What needs to be done
Take the records below and set down exactly the lines from the one with "If you select" to the one with "Specific compliance equals", ends included; do not copy the pictures.

** Opening Records supplied block **

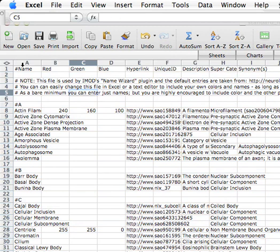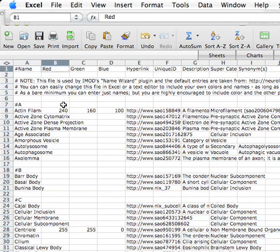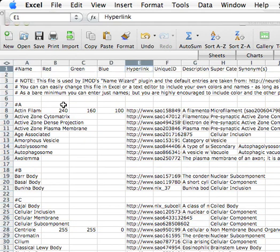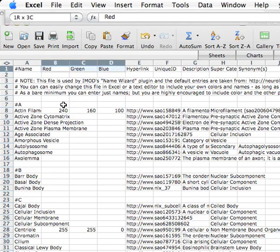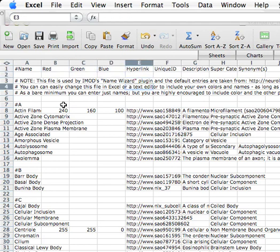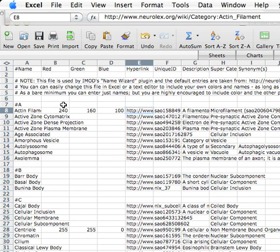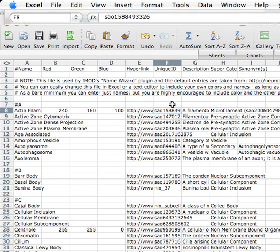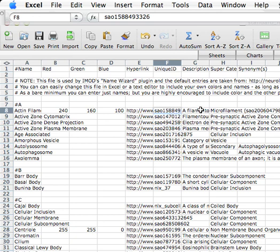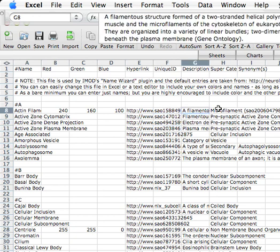These are the different fields we've got: name, then the color components red, green, blue. That's the preferred color for your particular group. The hyperlink links to the Neurolex database by default. Unique ID is the unique ID for the organelle. That's really important because often certain types of organelles may be given different names. Even though it's the same organelle, it might be given different names, and those names can change over time. This will stay consistent, however.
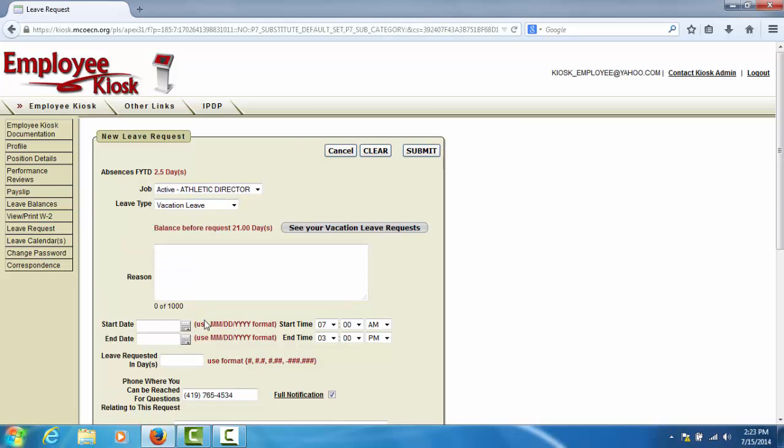If you select vacation, sick, or personal leave, the balance as it exists in the payroll system will display to you on the leave form. This balance does not include any request that is currently in progress in the kiosk.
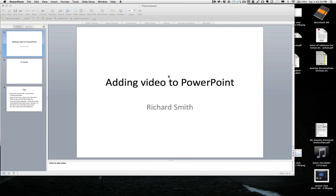Some students asked me about adding video to PowerPoint when they moved their file somewhere else that the video wouldn't play. Probably that's because of the way PowerPoint handles video.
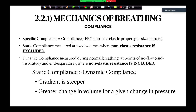Specific compliance equals compliance — more correct to say static compliance — divided by FRC, because it's the intrinsic elastic property of the lung, and size does matter. The bigger you are, the more compliance you have. Adults are more compliant than children, or elephants are more compliant than rats. But when you divide by FRC, you can see that the specific compliance remains the same.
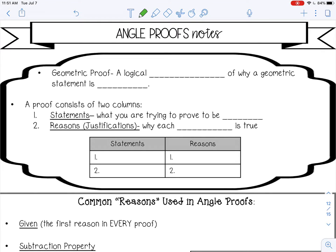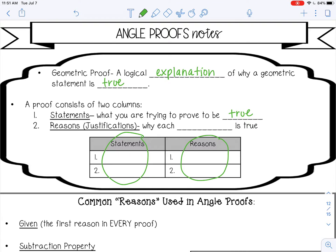Welcome to this video on angle proofs. A geometric proof is a logical explanation of why a geometric statement is true. A proof consists of two columns: the statements column, which is what you're trying to prove to be true, and the reasons column — sometimes called justifications — which is why each statement is true. So this is kind of like the 'what' and the 'why.'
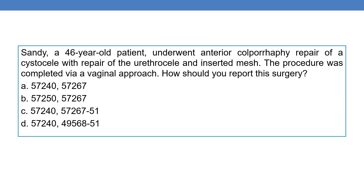Coming to the question: Sandy, a 46-year-old patient underwent anterior colporrhaphy — repair of the cystocele with repair of the urethrocele and inserted mesh. The procedure was completed via a vaginal approach. How should you report this surgery?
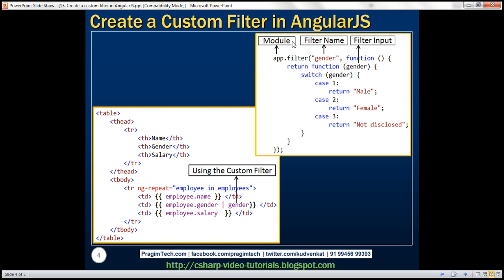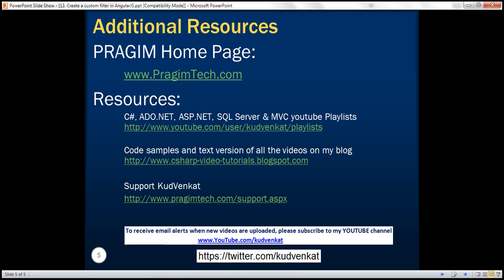To summarize: to create a custom filter, we use the filter function. The first parameter is the name of the filter. A filter is a function that returns another function — an anonymous function returning another anonymous function. The inner function's first parameter is the filter input. In this case, gender is the filter input as an integer, and we use a switch statement to return the corresponding string values. We then apply the filter using the pipe character, just like any other built-in Angular filter. Thank you for listening and have a great day.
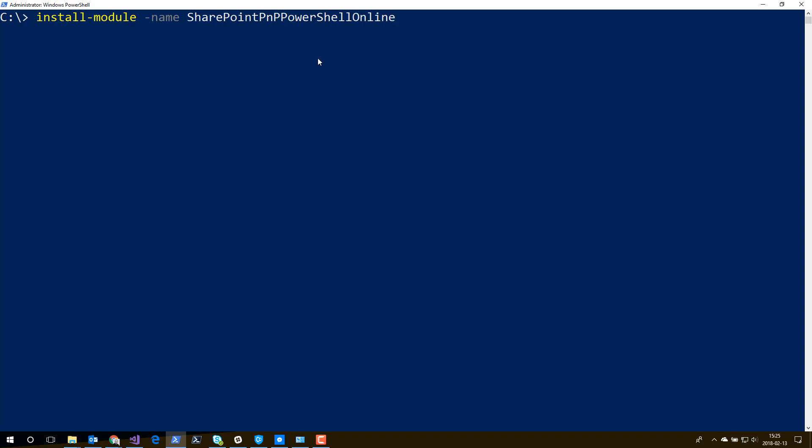If this is the first time you will install a module using install module, you might be getting the question if you want to install NuGet. Just confirm that question. I did it already. So in this case, I press enter.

** Closing Records supplied block **

Solution to this exercise
If you select vacation, sick, or personal leave, the balance as it exists in the payroll system will display to you on the leave form. This balance does not include any request that is currently in progress in the kiosk.
Some students asked me about adding video to PowerPoint when they moved their file somewhere else that the video wouldn't play. Probably that's because of the way PowerPoint handles video.
Specific compliance equals compliance — more correct to say static compliance — divided by FRC, because it's the intrinsic elastic property of the lung, and size does matter. The bigger you are, the more compliance you have. Adults are more compliant than children, or elephants are more compliant than rats. But when you divide by FRC, you can see that the specific compliance remains the same.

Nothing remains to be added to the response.